Brandon (Michael Fassbender) è un trentenne newyorkese con un buon lavoro e una bella casa. A prima vista, possiede tutto quello che si possa desiderare: è bello, sicuro di sé, arriso dal successo. Eppure Brandon è prigioniero di una forte ossessione sessuale che gli impedisce di avere una relazione normale con una donna. Il suo equilibrio, già precario, verrà messo a dura prova dall’arrivo improvviso della sorella Sissy (Carey Mulligan), ragazza fragile e problematica, che obbligherà Brandon a fare i conti con la propria coscienza.

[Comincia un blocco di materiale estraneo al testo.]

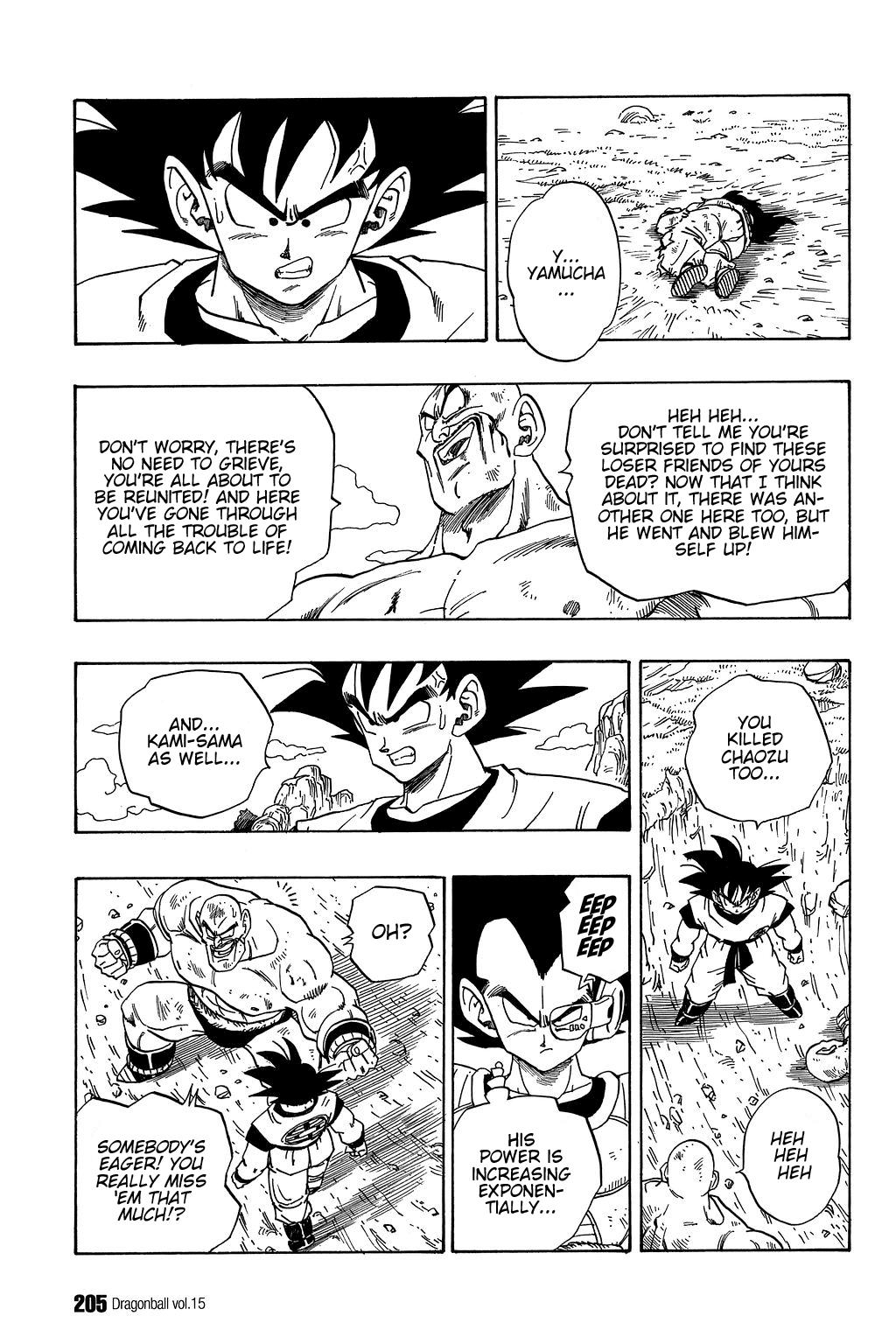 Page 4 of Chapter 224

«Tu mi soffochi,» urla Brandon alla sorella Sissy. «Mi metti in un angolo, e mi intrappoli». Su questo senso di trappola, di destino ineluttabile Steve McQueen costruisce la sua diegesi. Se in Hunger il regista inglese puntava la macchina da presa sul diritto inalienabile alla libertà individuale, in Shame rovescia il suo punto di vista, focalizzandosi su un essere umano che rimane prigioniero del suo stesso corpo, sottomettendosi a bisogni che gli impediscono di condurre una vita completa. Ed è proprio il corpo il centro nevralgico della narrazione: spigoloso e asciutto, Michael Fassbender mette al servizio di Brandon tutta la sua statuaria fisicità, mercificando il proprio corpo allo stesso modo in cui il suo personaggio abbandona la sua anima, in favore di pulsioni che, in nessun caso, potranno renderlo libero. La soddisfazione dei desideri sessuali non lascia mai nel protagonista un senso di libertà o serenità: il suo sorriso congelato in una smorfia, in una delle scene più evocative della pellicola, rimanda l’immagine spettrale di un uomo destinato alla distruzione, consapevole di non poter in alcun modo invertire la rotta discendente della sua esistenza. Steve McQueen, in questo film inquietante e travolgente, dimostra una padronanza eccellente del mezzo cinematografico, dirigendo i suoi attori in un universo caratterizzato da toni grigi e spenti, e avvolto da una fotografia che fa dei toni freddi il proprio marchio di fabbrica. Come avveniva, ad esempio, in Mystic River di Eastwood, le luci fredde che ammantano tutta la narrazione rimandano allo spettatore un senso di pessimismo universale, suggerendo che nessuna speranza giungerà ad allietare l’animo depresso dei protagonisti. In questo senso è emblematica la meravigliosa scena in cui Sissy canta l’intramontabile New York, New York, in un nuovo arrangiamento che ne smorza l’entusiasmo e la gioia. Il suo canto è, in realtà, una disperata richiesta d’aiuto che si riflette nella reazione sconsolata ma composta del fratello, seduto al tavolo, mentre lascia rotolare sulle guance lacrime amare.


Il regista racconta, senza bisogno di tante parole, il rapporto – a volte morboso – tra fratello e sorella, sul quale grava un passato oscuro. «Non siamo cattive persone. È solo che veniamo da un brutto posto» gracchia Sissy ad una segreteria telefonica che rimanda all’assenza del fratello. Assenza consapevole: quella di Brandon, infatti, è una fuga davanti alla propria ombra. Grazie all’arrivo della sorella Sissy – una Carey Mulligan mai così credibile e affascinante – Brandon prende coscienza del suo disturbo, sviluppando quel senso di vergogna che dà il titolo all’opera. Attraverso gli occhi della sorella, Brandon vede l’immagine di se stesso, distorta da una disfunzione che lo allontana dagli altri esseri umani, con i quali può solo relazionarsi in termini sessuali. Splendida la prova recitativa offerta da Fassbender, meritatamente premiato a Venezia con la Coppa Volpi, per il coraggio dimostrato nel mettere al servizio del regista le proprie capacità non solo artistiche ma soprattutto fisiche. Non a caso Shame esce sulla scia di altri prodotti cinematografici in cui i grandi personaggi passavano attraverso grandi interpretazioni fisiche. Si pensi alla Nina di Natalie Portman in Black Swan, o al pilota senza nome di Ryan Gosling in Drive: allo stesso modo, l'attore tedesco nasconde i suoi bei lineamenti dietro una reificazione del proprio corpo, regalando al pubblico l’ennesima prova del suo grande talento.